Italiangreyhound · 18/09/2018 21:55

Agree with SandyY2K "Please pay close attention, as it sounds like she's becoming depressed."

Waddsup12 · 18/09/2018 21:56

I was a cleaner for a while at 23, after failing a Masters, pissed my mother off no end. I was either over-qualified, blah, blah, blah...still needed to eat...don't think she registered the other crap jobs I had.

I think the issue here is that Uni education isn't enough in itself for roles that are sought after. You have to be interesting too and proactive and organised enough to show interest and enthusiasm.

MardyArabella · 18/09/2018 21:58

Also nobody should be saying to her ‘I told you not to do that degree’. Especially not her sister. Shut that down.

GreatWesternValkyrie · 18/09/2018 21:58

As she already works for Tesco, why not get in touch with the team there who deal with their animal welfare policy activities? Perhaps she could arrange an informal chat with them to find out what sort of opportunities could be available.

And agree with PPs on the volunteering, she needs something to demonstrate her interest and some trips won’t do that up against other students with a similar qualification who may have got involved in volunteering.

That aside, she could consider setting up her own dog walking service to get something animal related going for herself? I’m sure people looking for this service would be drawn to someone with an animal behaviour qualification that might be a USP for her compared to other services. Then she could reduce her Tesco hours once she has some clients and could perhaps fund some further studies while continuing to look for a permanent role that she wants.
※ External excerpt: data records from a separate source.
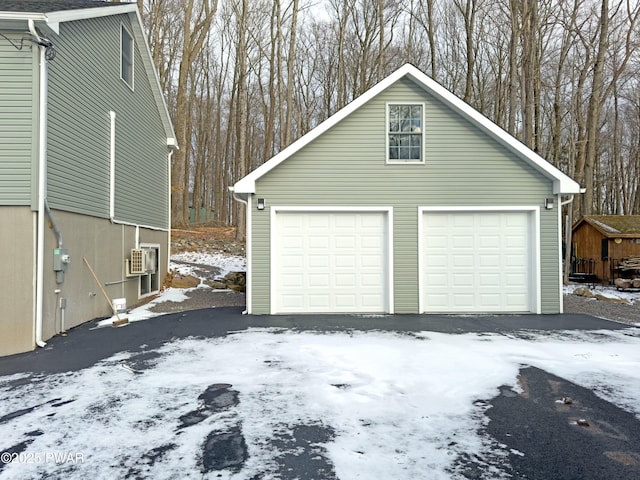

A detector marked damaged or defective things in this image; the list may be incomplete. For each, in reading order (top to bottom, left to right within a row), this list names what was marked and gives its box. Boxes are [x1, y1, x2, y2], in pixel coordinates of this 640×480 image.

detached two-car garage [270, 207, 540, 316]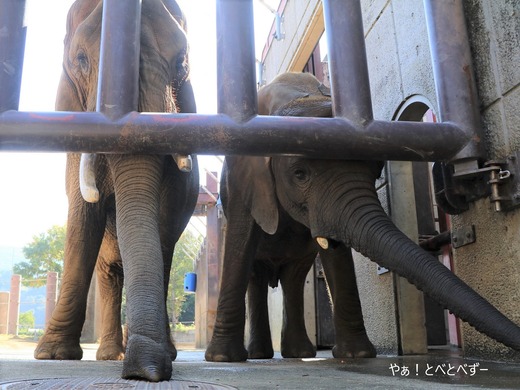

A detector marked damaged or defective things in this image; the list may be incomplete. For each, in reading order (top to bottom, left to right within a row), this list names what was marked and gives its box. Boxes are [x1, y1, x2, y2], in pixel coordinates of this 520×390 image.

rusty metal pole [0, 0, 26, 111]
rusty metal pole [96, 0, 141, 119]
rusty metal pole [214, 0, 256, 121]
rusty metal pole [322, 0, 372, 124]
rusty metal pole [424, 0, 486, 166]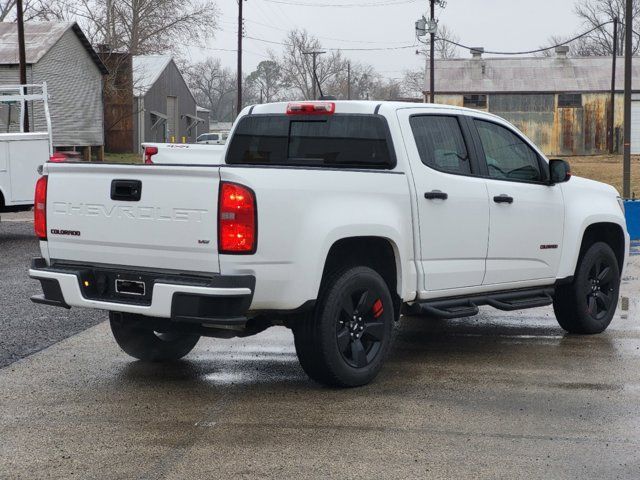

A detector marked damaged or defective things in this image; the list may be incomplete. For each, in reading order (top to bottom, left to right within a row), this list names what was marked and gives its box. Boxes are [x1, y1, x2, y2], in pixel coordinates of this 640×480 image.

She’s only 21, the shutter hasn’t come down on her career yet! Smile

Italiangreyhound · 18/09/2018 21:58

"She'd be interested in Conservation but most jobs are trainee and they prefer someone with an ecology degree."

Could she do a post grad course in ecology, while working part time and volunteering? It sounds like a lot but a combination of things might be better than one thing she doesn't like much.
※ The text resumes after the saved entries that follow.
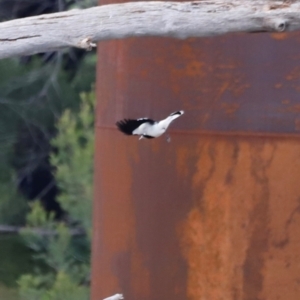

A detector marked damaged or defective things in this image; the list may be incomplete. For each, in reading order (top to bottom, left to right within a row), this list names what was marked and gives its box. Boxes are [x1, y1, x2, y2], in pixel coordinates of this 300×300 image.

rusty metal tank [90, 11, 300, 300]
rusted steel surface [90, 27, 300, 300]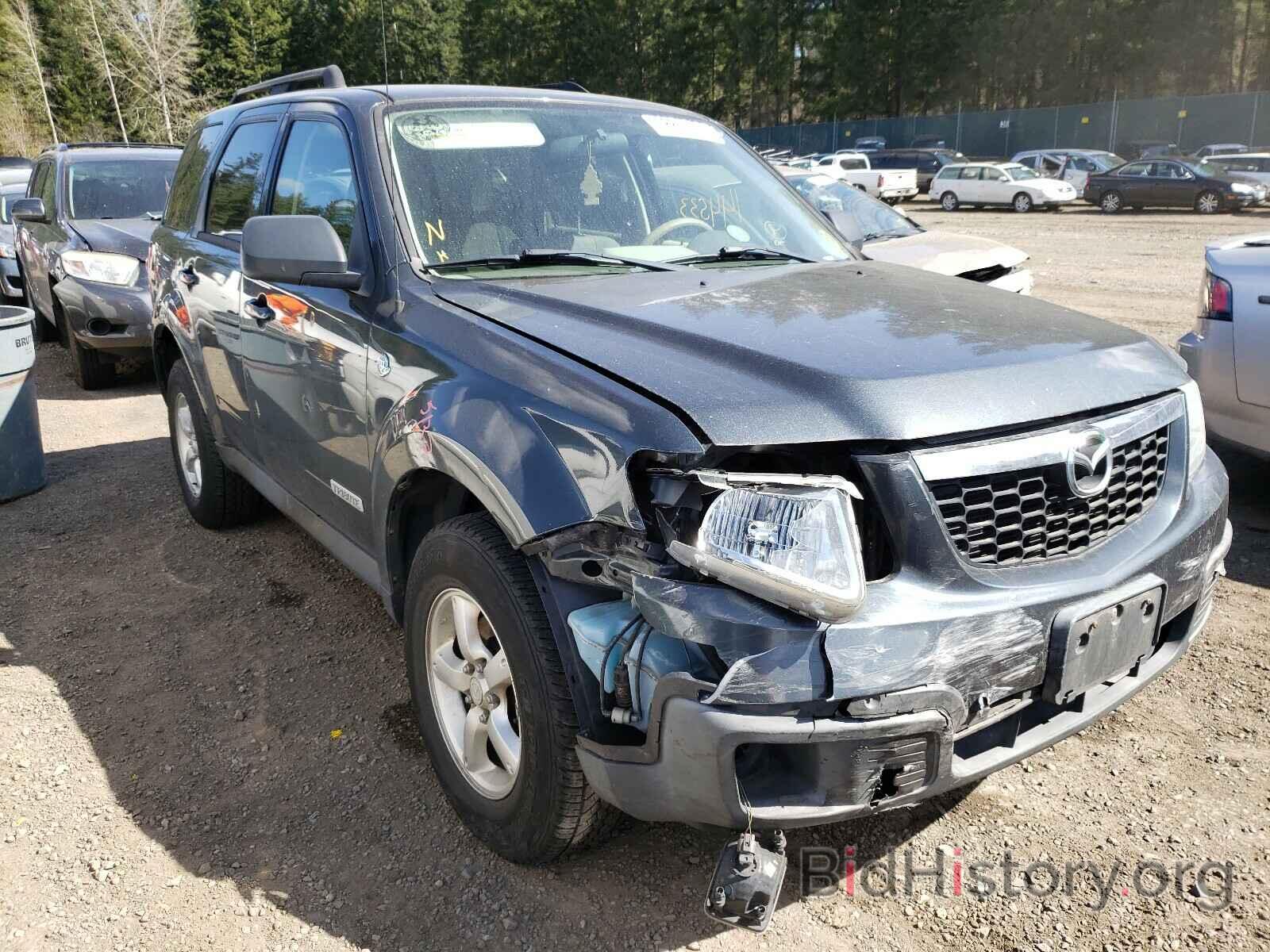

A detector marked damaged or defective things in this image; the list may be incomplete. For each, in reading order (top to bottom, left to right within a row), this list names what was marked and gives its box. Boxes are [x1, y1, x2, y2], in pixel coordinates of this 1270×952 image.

crumpled front bumper [52, 275, 152, 355]
damaged gray suv [148, 65, 1229, 923]
broken headlight [670, 472, 868, 627]
crumpled front bumper [579, 447, 1229, 827]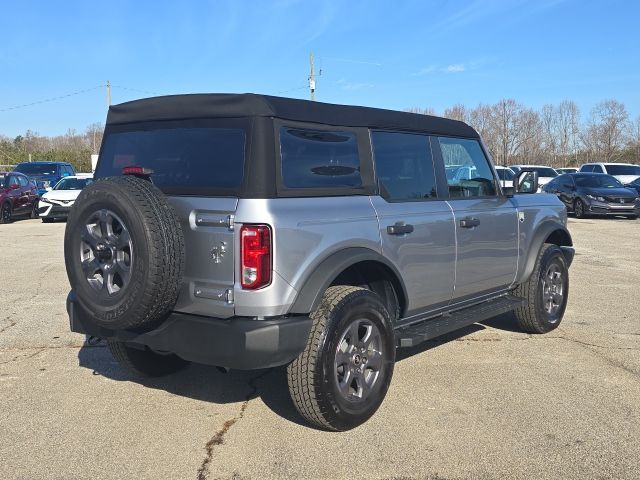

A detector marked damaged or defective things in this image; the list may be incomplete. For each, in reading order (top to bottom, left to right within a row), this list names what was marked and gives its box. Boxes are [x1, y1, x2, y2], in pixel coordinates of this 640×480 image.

crack in pavement [198, 372, 272, 480]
Good luck, you sound like a very caring mum.

whitman · 18/09/2018 21:58

She only has the experience that she did on her degree which isn't too bad as she took all the field trip modules.

But those are only trips or day trips so nothing that's regular volunteering.

Thanks @RubyWho

OP posts:
Italiangreyhound · 18/09/2018 21:59

Agree with MardyArabella "Also nobody should be saying to her ‘I told you not to do that degree’. Especially not her sister. Shut that down."
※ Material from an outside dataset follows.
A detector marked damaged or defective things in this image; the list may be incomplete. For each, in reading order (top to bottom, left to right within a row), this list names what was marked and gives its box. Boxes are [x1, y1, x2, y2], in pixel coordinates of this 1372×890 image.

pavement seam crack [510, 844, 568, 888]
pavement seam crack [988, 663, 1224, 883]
ICouldBeSomebodyYouKnow · 18/09/2018 22:00

DD did a similar degree, then a masters - abroad - and several short contracts, also abroad.

When she stopped that and settled back at home, she also struggled to find work. She believed her itinerant life and a series of short contracts was working against her. She started volunteering with three charities. Two didn't lead to anything directly but the third one allowed her to meet people in the same field, which was absolutely key to getting her where she is now, working as an ecologist. It took 3 years in total, and it wasn't planned, but she got there!

So, tell your DD not to give up but see if she can start thinking about how to fit in something relevant in her free time - could be volunteering , could be contributing to a blogging site on a relevant subject, joining a local committee, or anything! - with a view to it being a stepping stone to better things and to get herself known.

Also, there's no shame in holding down a job in Tesco.

LemonysSnicket · 18/09/2018 22:00

It's such a difficult field to get into, lots of people aren't doing what they want straight after uni. Encourage her, it wasn't a waste

tildaMa · 18/09/2018 22:00

She needs to have relevant experience, not just anything.
Cut the Tesco hours and start volunteering in something around animals.

LIZS · 18/09/2018 22:02

Are you near any RSPB reserves, could she volunteer at one or join a project with them or another organisation such as NT (friend did regular butterfly counts earlier in the summer, for example).